April 24, 2017
On March 29, 2017, the Commonwealth Court issued its decision in Snyder Brothers, Inc. v. Pennsylvania Public Utility Commission (1043 C.D. 2015). The decision appears to be a simple legal interpretation of the statutory definition of “stripper well” in a manner beneficial to Snyder Brothers and potentially generally beneficial to the unconventional natural gas industry. However, media attention and political reactions have far outstripped the Court’s basic legal analysis. The decision has been cited as a harbinger of diminished impact fee revenue; as a reason to amend Act 13; and, not unexpectedly, as a justification for a new severance tax. The reactions, while not unexpected, are perhaps overstated.
Briefly, by way of background, a stripper well is “an unconventional well incapable of producing more than 90,000 cubic feet of gas per day during any calendar month.” Stripper wells are not required to pay the impact fee otherwise owed pursuant to Act 13. In its decision the Commonwealth Court agreed with Snyder Brothers that the language “any calendar month” means that a well is not subject to the impact fee if the threshold production is not met during any one month of the year. The Court rejected the PUC’s counterargument that the language meant the well had to produce below the threshold every month of the year. The ruling is certainly good news for Snyder Brothers and potentially good news for operators with lower producing wells.
Not surprisingly, the PUC has indicated it intends to apply to the Pennsylvania Supreme Court for allowance to appeal the Commonwealth Court’s decision. Also, recently, the PUC sent a letter to the Governor estimating that impact fee revenues will fall by approximately $16 million as a result of the Court’s decision and urging legislative action to amend the definition. Not surprisingly, the Governor and severance tax proponents in the Legislature have cited the decision and the PUC’s predicted results as a reason for enacting a severance tax. 1 In addition, some legislators have raised concerns that the decision will cause impact fee revenues to decline and diminish the funds available to local governments. They have suggested a need for a legislative clarification to the definition. However, any legislation designed to clarify the definition of a stripper well will likely draw numerous amendments to address different agendas. 2
However, one must question whether the decision warrants these reactions. The Court did not hold that every well that simply failed to produce 90,000 cubic feet (90 mcf) of gas per day in a given month was exempt from the fee. As the Court noted, the definition requires that the well is “incapable” of such production. Contrary to the assertion of the dissent and the more recent assertions of the PUC, the Court noted that deliberately suppressing production during a single month would not establish that the well was “incapable” of producing the required quantity. Clearly, the operator will bear the burden of establishing that the well was incapable of producing 90 mcf per day in the relevant month. 3
In light of the significant factual showing that may be required to establish that a well is incapable of production exceeding the threshold, one questions how the PUC was able to arrive at an estimate of a $16 million revenue decline. Simply reviewing prior reports that show production below 90 mcf per day in a given month will not give a reliable answer. As the Court noted, the test is not that the well simply did not produce more than 90 mcf per day but that it could not produce that quantity. It is unclear whether the PUC has the information necessary to make that determination based on past reports. The revenue impacts may be overstated.
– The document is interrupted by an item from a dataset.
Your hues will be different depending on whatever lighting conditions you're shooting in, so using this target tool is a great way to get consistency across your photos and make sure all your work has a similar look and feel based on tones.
While dispensing with the illusory unscrupulous operator argument, the Court did not address what circumstances might render a well incapable of producing more than 90,000 cubic feet. For example, if a well experiences maintenance issues and must be shut in or if DEP orders a temporary shut-in for investigative purposes, will those circumstances render the well “incapable”? Conversely, will a well be considered “incapable” only when the reservoir characteristics at a specific well render it unable to produce 90 mcf per day when operated at “full throttle?” The Commonwealth Court’s decision suggests that the PUC may be dealing with significant factual controversies and determinations in the future – perhaps more than with diminished revenues. They are unlikely to again fail to scrutinize the factual basis for an operator’s claim.
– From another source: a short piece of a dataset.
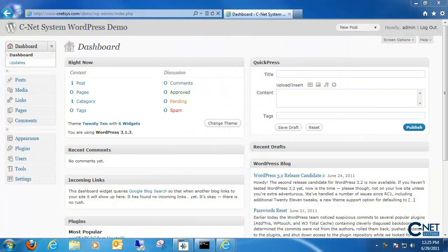Hi and welcome back to another CNET video on WordPress. Today I'll be showing users how to change the appearance of their website via the WordPress themes and menu options.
In the long run, the Snyder Brothers decision may not warrant all the concern but that will probably not keep it from being cited as a reason to advance preexisting policy agendas.
Disclaimer: This E-Flash does not offer specific legal advice, nor does it create an attorney-client relationship. You should not reach any legal conclusions based on the information contained in this E-Flash without first seeking the advice of counsel.
About the Author:
Terry R. Bossert is Principal in the Firm's Environmental and Energy & Utilities Practice Groups and Co-Chair of the Firm's Shale Resource Practice Group. He counsels clients on environmental regulatory matters and compliance programs, represents them in related civil and criminal litigation brought by environmental regulators, and provides government relations counseling and advocacy related to environmental legislation and regulations in the Commonwealth of Pennsylvania. Learn More >>
1 Interestingly, most severance tax bills introduced to date also provide an exemption for low producing wells.
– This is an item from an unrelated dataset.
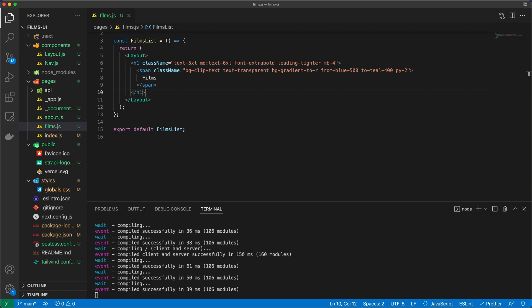Now if you check the documentation for Next on data fetching, you will see that there are a bunch of ways that you can fetch data. You can fetch data for server-side rendering, for static site generation, for client-side rendering, for dynamic routes, and for incremental static regeneration or ISR for short.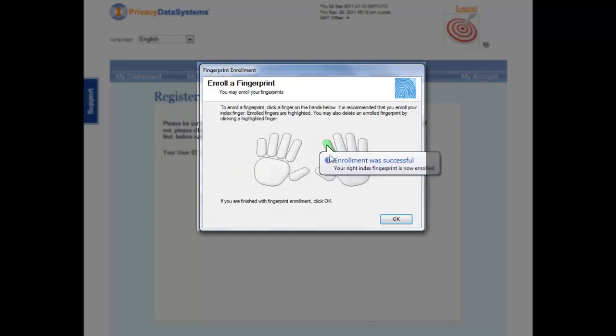If using a placement-style scanner, you can simply place your finger on the reader window.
2 Several legislators have long harbored concerns regarding the impact fee. Some have felt the distribution formula unfair; others have felt that additional programs warranted funding; some just wanted more revenue; and others wanted to replace it with a severance tax.
3 The Court noted that the PUC never challenged Snyder Brothers records that reflected that the relevant wells had, in fact, been operated at full capacity.